(Stored data entries)
————————

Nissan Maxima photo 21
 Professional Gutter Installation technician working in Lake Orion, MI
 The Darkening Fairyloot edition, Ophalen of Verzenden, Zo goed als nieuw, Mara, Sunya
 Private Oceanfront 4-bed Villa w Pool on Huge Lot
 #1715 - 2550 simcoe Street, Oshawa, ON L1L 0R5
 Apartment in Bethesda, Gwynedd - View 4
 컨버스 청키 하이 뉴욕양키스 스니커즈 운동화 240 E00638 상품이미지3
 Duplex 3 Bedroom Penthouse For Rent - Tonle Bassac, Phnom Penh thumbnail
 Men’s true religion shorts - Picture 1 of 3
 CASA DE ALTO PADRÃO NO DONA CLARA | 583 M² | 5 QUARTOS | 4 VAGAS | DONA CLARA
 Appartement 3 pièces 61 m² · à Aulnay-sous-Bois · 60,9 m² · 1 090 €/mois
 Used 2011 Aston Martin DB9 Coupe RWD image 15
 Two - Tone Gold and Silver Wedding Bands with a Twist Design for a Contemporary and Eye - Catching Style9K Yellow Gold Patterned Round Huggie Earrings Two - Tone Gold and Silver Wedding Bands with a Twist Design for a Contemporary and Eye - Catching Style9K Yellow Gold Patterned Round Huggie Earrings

————————

▶ **Work item**
Starting at the first line of the records, print each line exactly, stopping after the line that contains "컨버스 청키 하이 뉴욕양키스 스니커즈 운동화 240 E00638 상품이미지3".

▶ **Result for this exercise**
Nissan Maxima photo 21
 Professional Gutter Installation technician working in Lake Orion, MI
 The Darkening Fairyloot edition, Ophalen of Verzenden, Zo goed als nieuw, Mara, Sunya
 Private Oceanfront 4-bed Villa w Pool on Huge Lot
 #1715 - 2550 simcoe Street, Oshawa, ON L1L 0R5
 Apartment in Bethesda, Gwynedd - View 4
 컨버스 청키 하이 뉴욕양키스 스니커즈 운동화 240 E00638 상품이미지3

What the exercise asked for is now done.